La Lega ha ritirato l’emendamento relativo al terzo mandato dei sindaci, dopo il parere negativo del governo su questa proposta. Tuttavia, il partito ha mantenuto il testo riguardante il terzo mandato dei governatori, nonostante la decisione del governo di rimettere la questione alla Commissione. Questo ha portato a una divisione all’interno della maggioranza, con alcuni partiti che hanno espresso disaccordo sulla questione.

Il parere di Giovanni Toti

Il presidente della Liguria, Giovanni Toti, ha sollevato preoccupazioni riguardo al possibile contenzioso tra il governo centrale e le Regioni se non verrà risolto il problema del terzo mandato dei governatori.

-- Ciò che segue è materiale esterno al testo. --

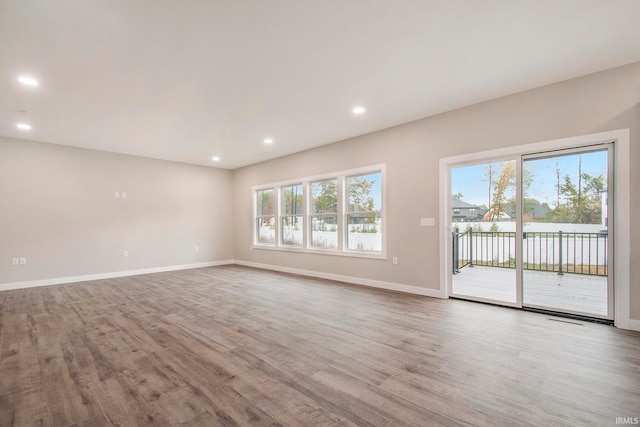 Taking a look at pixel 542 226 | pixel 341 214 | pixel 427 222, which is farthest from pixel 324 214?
pixel 542 226

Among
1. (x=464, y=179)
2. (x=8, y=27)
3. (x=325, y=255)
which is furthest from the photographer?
(x=325, y=255)

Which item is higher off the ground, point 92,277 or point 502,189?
point 502,189

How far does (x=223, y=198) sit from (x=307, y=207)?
319 cm

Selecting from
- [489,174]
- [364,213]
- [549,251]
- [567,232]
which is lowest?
[549,251]

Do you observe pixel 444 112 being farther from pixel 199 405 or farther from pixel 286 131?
pixel 199 405

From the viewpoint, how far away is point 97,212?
241 inches

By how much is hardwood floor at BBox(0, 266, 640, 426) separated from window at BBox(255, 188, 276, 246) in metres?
3.61

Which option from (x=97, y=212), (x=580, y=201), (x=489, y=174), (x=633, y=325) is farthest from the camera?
(x=97, y=212)

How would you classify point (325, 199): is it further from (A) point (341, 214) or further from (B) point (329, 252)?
(B) point (329, 252)

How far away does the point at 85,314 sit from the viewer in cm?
370

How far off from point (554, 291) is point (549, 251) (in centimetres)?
54

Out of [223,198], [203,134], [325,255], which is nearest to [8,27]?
[203,134]

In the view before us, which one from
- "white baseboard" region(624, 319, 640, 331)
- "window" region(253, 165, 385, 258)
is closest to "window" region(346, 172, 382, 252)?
"window" region(253, 165, 385, 258)

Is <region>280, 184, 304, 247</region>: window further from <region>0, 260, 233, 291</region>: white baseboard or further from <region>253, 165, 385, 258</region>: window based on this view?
<region>0, 260, 233, 291</region>: white baseboard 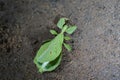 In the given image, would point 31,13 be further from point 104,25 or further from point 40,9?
point 104,25

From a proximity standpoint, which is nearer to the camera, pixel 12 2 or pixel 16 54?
pixel 16 54

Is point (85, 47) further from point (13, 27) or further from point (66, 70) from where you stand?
point (13, 27)

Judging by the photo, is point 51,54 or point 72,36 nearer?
point 51,54

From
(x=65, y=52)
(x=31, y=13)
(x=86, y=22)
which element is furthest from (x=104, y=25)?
(x=31, y=13)

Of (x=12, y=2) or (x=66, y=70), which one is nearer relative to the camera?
(x=66, y=70)

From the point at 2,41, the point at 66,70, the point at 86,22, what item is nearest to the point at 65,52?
the point at 66,70

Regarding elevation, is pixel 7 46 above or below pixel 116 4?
below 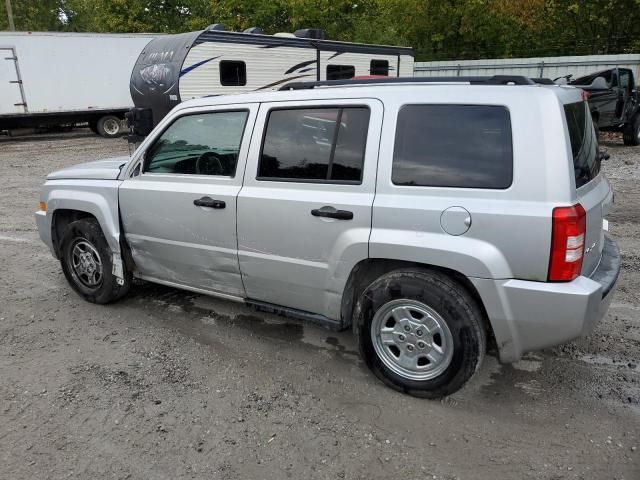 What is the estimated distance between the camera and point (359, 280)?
10.9 ft

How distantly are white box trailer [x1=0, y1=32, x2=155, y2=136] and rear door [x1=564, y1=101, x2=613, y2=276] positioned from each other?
57.1 ft

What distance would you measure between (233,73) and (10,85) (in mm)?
7647

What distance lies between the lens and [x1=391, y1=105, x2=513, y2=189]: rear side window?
9.09ft

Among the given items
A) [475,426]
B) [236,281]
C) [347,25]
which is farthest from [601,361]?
[347,25]

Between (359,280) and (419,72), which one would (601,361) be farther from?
(419,72)

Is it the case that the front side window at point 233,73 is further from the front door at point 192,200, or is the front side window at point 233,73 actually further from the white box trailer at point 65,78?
the front door at point 192,200

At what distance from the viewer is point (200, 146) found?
12.7 feet

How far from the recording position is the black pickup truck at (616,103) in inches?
492

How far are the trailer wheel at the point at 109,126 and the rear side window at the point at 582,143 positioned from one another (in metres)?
18.1

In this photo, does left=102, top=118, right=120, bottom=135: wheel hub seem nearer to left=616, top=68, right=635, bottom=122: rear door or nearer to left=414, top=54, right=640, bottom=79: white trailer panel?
left=414, top=54, right=640, bottom=79: white trailer panel

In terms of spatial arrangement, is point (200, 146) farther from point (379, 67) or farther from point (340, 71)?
point (379, 67)

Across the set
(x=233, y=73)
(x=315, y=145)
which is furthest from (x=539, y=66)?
(x=315, y=145)

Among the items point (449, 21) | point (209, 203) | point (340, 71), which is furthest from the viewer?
point (449, 21)

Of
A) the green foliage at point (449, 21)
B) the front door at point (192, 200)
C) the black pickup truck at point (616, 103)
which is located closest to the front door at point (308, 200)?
the front door at point (192, 200)
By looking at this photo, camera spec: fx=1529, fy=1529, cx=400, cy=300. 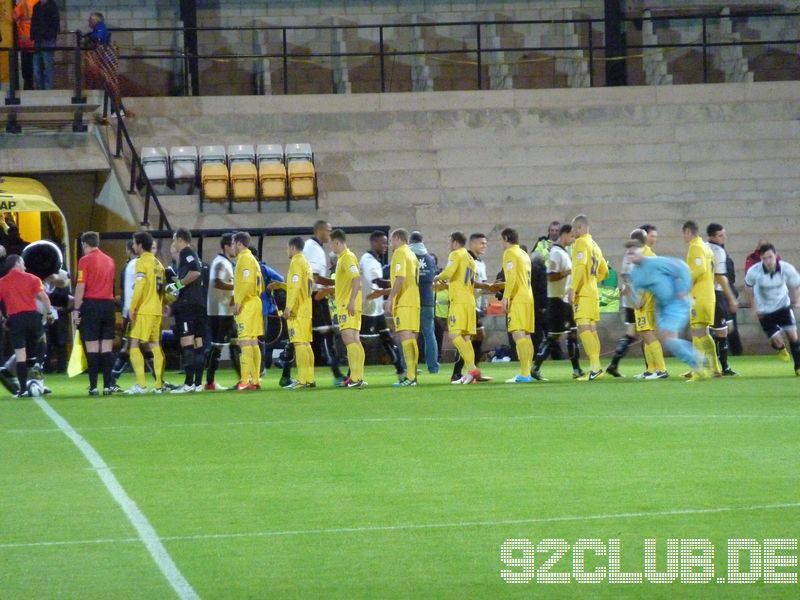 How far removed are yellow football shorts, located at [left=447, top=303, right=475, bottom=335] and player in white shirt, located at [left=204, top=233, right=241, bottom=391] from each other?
9.19 feet

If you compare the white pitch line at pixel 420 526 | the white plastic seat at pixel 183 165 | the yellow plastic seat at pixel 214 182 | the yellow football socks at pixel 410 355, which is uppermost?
the white plastic seat at pixel 183 165

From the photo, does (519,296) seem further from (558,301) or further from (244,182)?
(244,182)

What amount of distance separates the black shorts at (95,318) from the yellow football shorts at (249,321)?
5.30 ft

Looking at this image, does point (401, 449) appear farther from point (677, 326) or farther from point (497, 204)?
point (497, 204)

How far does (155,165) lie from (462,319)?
1138cm

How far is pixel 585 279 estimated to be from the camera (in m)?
19.6

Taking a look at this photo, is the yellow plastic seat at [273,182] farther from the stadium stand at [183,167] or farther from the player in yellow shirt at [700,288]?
the player in yellow shirt at [700,288]

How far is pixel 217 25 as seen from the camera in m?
34.6

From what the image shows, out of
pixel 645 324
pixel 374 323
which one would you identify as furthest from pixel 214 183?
pixel 645 324

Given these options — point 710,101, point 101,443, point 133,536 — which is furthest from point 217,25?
point 133,536

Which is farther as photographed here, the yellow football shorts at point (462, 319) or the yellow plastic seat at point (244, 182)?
the yellow plastic seat at point (244, 182)

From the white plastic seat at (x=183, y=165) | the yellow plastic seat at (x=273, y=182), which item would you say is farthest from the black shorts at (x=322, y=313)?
the white plastic seat at (x=183, y=165)

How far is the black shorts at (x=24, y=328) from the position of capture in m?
19.0

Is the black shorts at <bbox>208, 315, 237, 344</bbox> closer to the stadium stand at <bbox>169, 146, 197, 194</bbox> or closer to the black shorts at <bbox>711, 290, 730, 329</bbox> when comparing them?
the black shorts at <bbox>711, 290, 730, 329</bbox> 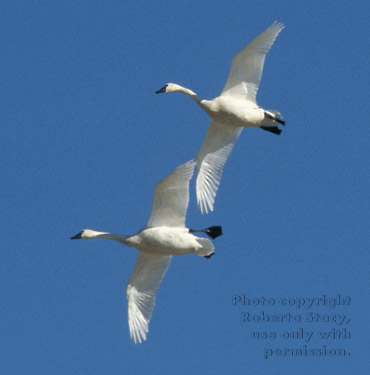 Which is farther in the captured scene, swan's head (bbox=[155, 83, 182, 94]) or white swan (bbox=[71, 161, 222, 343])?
swan's head (bbox=[155, 83, 182, 94])

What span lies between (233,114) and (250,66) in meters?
1.08

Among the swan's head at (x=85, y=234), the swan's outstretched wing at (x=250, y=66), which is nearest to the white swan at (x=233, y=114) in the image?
the swan's outstretched wing at (x=250, y=66)

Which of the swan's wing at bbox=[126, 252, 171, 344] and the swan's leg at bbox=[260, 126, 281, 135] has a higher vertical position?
the swan's leg at bbox=[260, 126, 281, 135]

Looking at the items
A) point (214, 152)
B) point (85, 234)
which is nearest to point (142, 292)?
point (85, 234)

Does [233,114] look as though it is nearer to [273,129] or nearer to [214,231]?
[273,129]

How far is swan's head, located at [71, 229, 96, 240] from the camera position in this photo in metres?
28.2

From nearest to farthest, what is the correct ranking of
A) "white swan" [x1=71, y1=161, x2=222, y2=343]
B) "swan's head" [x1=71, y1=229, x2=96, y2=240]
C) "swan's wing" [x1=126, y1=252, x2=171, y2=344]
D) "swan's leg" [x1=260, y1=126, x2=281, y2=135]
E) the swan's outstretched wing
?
"white swan" [x1=71, y1=161, x2=222, y2=343] → "swan's wing" [x1=126, y1=252, x2=171, y2=344] → the swan's outstretched wing → "swan's head" [x1=71, y1=229, x2=96, y2=240] → "swan's leg" [x1=260, y1=126, x2=281, y2=135]

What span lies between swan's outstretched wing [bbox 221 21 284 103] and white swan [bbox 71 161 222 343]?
3.03m

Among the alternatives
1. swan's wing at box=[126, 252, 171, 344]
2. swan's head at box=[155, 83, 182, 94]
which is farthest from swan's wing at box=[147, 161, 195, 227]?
swan's head at box=[155, 83, 182, 94]

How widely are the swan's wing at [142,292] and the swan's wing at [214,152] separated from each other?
2383 millimetres

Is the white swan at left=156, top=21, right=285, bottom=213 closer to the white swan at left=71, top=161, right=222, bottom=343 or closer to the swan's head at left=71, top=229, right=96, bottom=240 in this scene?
the white swan at left=71, top=161, right=222, bottom=343

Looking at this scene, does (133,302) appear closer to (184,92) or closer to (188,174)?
(188,174)

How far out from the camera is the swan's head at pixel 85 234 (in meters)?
28.2

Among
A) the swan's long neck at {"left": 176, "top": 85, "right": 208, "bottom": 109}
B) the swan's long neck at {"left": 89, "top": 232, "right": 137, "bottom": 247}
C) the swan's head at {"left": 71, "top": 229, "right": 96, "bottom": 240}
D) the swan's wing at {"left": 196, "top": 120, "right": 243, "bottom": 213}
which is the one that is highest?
the swan's long neck at {"left": 176, "top": 85, "right": 208, "bottom": 109} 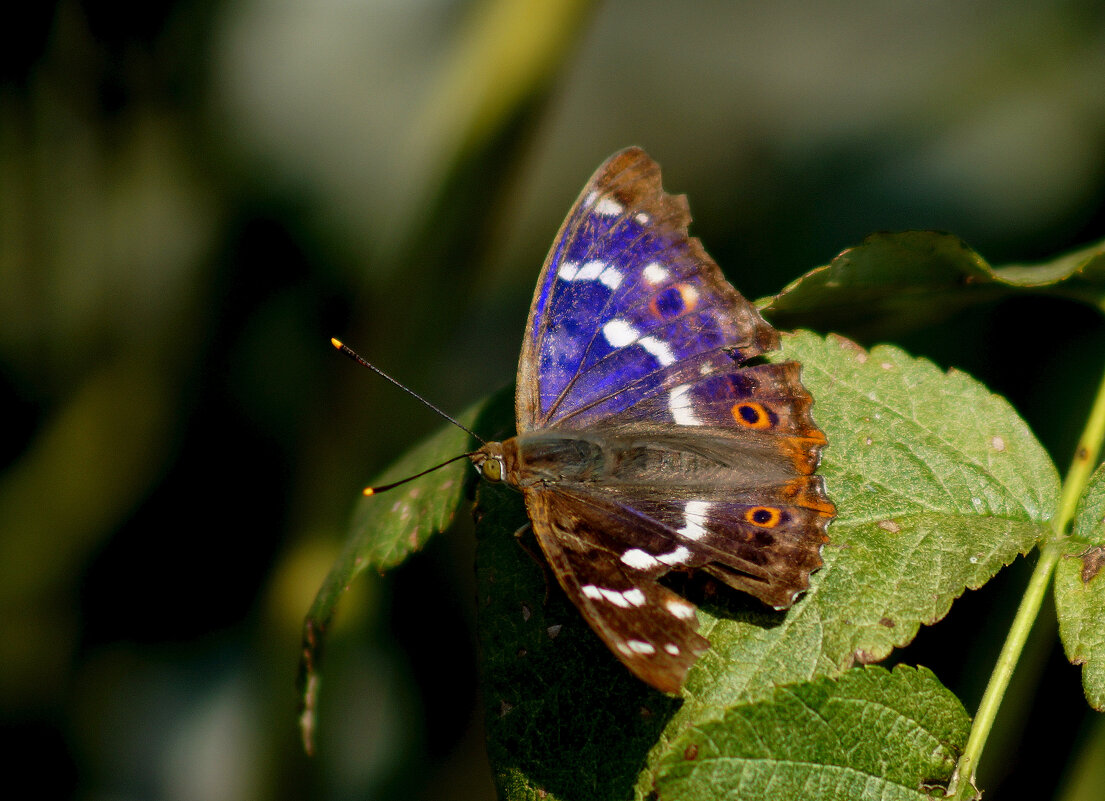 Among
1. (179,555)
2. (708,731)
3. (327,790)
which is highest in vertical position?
(708,731)

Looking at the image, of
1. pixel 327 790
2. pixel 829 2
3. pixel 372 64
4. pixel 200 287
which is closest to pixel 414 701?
pixel 327 790

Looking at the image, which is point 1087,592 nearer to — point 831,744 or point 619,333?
point 831,744

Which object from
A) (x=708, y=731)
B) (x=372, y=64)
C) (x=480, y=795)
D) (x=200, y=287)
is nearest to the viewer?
(x=708, y=731)

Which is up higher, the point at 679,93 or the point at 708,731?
the point at 679,93

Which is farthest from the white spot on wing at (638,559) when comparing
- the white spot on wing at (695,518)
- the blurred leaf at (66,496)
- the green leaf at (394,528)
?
the blurred leaf at (66,496)

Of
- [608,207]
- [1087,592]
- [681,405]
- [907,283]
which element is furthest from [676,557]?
[608,207]

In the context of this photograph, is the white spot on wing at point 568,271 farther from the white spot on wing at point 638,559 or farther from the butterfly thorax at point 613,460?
the white spot on wing at point 638,559

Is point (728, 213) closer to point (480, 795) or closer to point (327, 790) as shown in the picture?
point (480, 795) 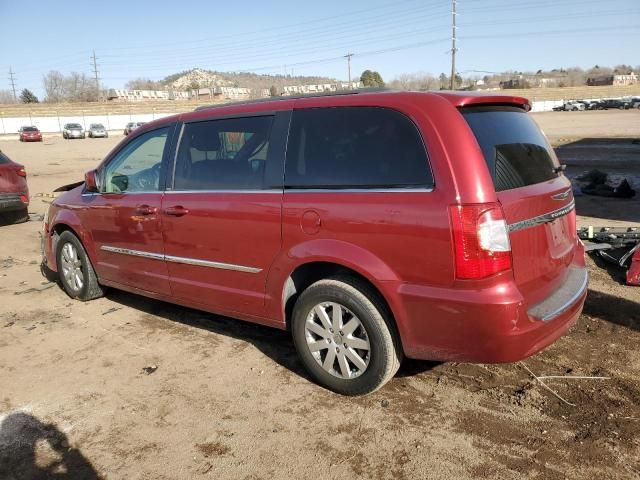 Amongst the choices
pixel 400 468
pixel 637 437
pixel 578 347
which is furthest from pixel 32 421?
pixel 578 347

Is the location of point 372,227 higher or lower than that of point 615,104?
lower

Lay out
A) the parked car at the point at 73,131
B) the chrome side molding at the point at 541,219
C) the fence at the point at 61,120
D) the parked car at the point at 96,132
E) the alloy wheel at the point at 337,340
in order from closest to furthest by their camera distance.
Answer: the chrome side molding at the point at 541,219 → the alloy wheel at the point at 337,340 → the parked car at the point at 73,131 → the parked car at the point at 96,132 → the fence at the point at 61,120

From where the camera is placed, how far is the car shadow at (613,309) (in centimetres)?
439

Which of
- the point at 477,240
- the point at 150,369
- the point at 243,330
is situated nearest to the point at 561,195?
the point at 477,240

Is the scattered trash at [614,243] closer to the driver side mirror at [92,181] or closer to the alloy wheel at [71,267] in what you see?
the driver side mirror at [92,181]

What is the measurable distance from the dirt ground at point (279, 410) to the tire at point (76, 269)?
630mm

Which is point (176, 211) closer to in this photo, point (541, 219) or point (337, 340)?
point (337, 340)

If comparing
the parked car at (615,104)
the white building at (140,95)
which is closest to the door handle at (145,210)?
the parked car at (615,104)

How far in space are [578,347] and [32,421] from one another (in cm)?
381

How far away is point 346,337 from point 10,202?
810cm

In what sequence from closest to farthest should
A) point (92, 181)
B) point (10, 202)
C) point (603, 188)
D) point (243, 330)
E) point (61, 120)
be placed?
point (243, 330)
point (92, 181)
point (10, 202)
point (603, 188)
point (61, 120)

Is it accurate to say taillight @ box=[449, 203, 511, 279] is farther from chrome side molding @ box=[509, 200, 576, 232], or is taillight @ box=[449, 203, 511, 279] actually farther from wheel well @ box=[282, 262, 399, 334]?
wheel well @ box=[282, 262, 399, 334]

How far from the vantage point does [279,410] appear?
329 cm

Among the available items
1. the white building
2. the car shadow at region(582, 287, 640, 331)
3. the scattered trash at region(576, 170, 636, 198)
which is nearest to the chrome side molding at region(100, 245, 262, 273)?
the car shadow at region(582, 287, 640, 331) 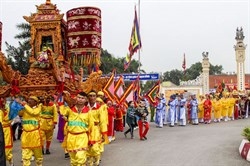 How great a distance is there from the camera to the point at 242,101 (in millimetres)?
23156

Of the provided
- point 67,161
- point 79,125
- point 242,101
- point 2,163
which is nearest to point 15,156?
point 67,161

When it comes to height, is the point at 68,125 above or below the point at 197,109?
above

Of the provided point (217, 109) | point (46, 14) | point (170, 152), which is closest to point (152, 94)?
point (217, 109)

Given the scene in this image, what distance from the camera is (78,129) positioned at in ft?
24.7

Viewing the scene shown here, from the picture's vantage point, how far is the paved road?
9766mm

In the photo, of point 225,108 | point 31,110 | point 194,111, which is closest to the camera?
point 31,110

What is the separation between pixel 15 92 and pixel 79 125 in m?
1.87

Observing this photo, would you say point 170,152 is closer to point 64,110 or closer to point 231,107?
point 64,110

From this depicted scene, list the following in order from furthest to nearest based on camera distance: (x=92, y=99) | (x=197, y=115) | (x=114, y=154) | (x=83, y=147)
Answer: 1. (x=197, y=115)
2. (x=114, y=154)
3. (x=92, y=99)
4. (x=83, y=147)

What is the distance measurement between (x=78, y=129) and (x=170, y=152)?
429 cm

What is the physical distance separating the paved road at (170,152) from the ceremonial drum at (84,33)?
8.63ft

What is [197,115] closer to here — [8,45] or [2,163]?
[8,45]

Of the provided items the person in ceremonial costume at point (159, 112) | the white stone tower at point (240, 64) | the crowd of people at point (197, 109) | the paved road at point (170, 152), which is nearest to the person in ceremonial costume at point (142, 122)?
the paved road at point (170, 152)

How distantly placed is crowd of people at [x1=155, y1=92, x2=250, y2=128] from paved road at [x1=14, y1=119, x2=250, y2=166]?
4433 mm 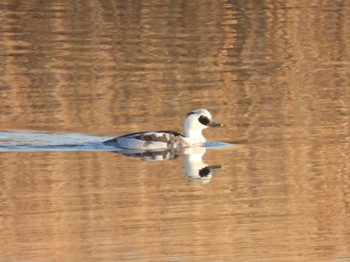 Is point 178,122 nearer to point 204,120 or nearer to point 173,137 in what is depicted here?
point 204,120

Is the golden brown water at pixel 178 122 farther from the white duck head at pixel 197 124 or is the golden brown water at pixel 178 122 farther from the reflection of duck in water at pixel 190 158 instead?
the white duck head at pixel 197 124

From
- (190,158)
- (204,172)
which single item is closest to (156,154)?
(190,158)

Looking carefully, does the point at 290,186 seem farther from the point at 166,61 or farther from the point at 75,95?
the point at 166,61

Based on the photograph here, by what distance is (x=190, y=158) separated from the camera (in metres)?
15.8

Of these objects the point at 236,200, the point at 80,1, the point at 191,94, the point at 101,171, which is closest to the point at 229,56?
the point at 191,94

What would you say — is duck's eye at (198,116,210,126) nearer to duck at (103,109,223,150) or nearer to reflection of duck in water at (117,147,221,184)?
duck at (103,109,223,150)

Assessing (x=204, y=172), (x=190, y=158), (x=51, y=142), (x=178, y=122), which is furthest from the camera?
(x=178, y=122)

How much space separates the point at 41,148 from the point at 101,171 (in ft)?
4.82

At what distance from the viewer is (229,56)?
75.2ft

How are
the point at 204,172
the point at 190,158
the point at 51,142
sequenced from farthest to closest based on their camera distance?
1. the point at 51,142
2. the point at 190,158
3. the point at 204,172

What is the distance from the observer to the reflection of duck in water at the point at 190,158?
1426cm

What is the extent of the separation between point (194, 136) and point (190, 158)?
0.85 meters

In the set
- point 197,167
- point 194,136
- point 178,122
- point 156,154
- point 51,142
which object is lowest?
point 178,122

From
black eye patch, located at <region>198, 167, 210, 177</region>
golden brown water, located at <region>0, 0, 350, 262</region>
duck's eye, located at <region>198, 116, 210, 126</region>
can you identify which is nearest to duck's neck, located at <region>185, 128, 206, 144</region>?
duck's eye, located at <region>198, 116, 210, 126</region> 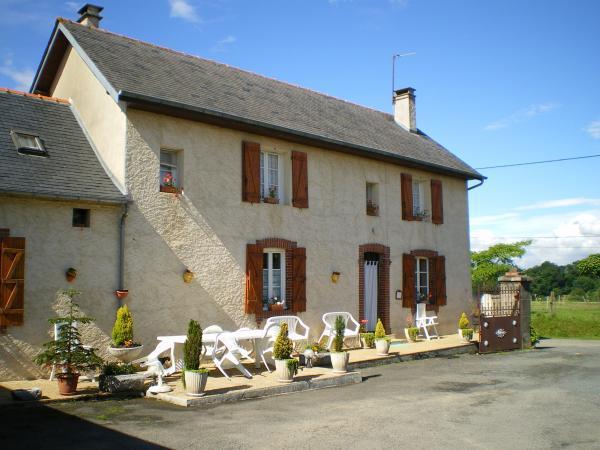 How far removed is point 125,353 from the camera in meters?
9.27

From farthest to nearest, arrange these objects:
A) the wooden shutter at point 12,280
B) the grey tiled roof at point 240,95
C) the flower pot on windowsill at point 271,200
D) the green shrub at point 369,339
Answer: the green shrub at point 369,339, the flower pot on windowsill at point 271,200, the grey tiled roof at point 240,95, the wooden shutter at point 12,280

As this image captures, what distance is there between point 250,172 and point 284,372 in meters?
4.66

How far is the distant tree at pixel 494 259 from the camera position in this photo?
42.9 metres

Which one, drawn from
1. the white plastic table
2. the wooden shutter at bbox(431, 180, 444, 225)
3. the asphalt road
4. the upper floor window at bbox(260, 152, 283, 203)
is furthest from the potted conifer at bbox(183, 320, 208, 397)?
the wooden shutter at bbox(431, 180, 444, 225)

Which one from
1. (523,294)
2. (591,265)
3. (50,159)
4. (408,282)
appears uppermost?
(50,159)

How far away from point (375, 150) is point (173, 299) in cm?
676

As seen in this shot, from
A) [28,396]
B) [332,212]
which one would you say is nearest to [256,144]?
[332,212]

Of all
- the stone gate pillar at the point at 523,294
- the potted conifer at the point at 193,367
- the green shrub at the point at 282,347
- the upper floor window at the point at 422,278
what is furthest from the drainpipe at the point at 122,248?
the stone gate pillar at the point at 523,294

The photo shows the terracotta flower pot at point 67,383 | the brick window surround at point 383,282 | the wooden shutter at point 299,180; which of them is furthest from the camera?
the brick window surround at point 383,282

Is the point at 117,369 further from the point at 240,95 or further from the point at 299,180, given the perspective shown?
the point at 240,95

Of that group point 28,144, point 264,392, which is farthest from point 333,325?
point 28,144

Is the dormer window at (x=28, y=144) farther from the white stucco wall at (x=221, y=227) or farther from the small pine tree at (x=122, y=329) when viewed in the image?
the small pine tree at (x=122, y=329)

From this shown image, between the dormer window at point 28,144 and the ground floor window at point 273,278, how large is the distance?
4847 millimetres

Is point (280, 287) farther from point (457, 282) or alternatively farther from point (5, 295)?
point (457, 282) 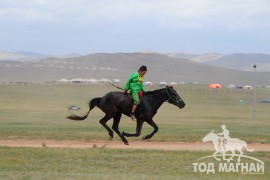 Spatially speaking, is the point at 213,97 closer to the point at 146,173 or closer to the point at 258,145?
the point at 258,145

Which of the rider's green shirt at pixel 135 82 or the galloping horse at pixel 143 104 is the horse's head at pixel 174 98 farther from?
the rider's green shirt at pixel 135 82

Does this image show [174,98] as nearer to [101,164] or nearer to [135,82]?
[135,82]

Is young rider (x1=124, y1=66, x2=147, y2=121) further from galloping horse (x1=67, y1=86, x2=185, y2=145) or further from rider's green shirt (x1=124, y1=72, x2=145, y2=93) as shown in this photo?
galloping horse (x1=67, y1=86, x2=185, y2=145)

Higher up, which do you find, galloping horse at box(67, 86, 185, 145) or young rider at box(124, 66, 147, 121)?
young rider at box(124, 66, 147, 121)

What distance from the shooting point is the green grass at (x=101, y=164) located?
42.0 ft

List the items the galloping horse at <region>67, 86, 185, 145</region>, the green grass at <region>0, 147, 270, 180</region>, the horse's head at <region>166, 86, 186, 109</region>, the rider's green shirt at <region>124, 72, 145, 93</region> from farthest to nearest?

Toti ha sottolineato che la Costituzione prevede che la competenza sulle leggi elettorali sia esclusiva delle Regioni e che la decisione sul terzo mandato dovrebbe essere lasciata agli elettori e agli amministratori locali.

L’episodio in Commissione ha messo in evidenza le divergenze di opinione all’interno della maggioranza e ha sollevato domande sul futuro delle cariche politiche regionali. Tuttavia, nonostante il disaccordo, i rappresentanti della maggioranza hanno assicurato che la stabilità del governo non è stata compromessa da questo episodio e che il dibattito su questa questione rimane aperto.

Spaccatura all’interno della maggioranza

In conclusione, il respingimento dell’emendamento sul terzo mandato dei governatori da parte della Commissione Affari Costituzionali del Senato ha evidenziato le divergenze di opinioni all’interno della maggioranza. Questo episodio solleva importanti questioni sul futuro delle cariche politiche regionali e sottolinea l’importanza di trovare un consenso su questi temi cruciali per il funzionamento delle istituzioni democratiche del paese.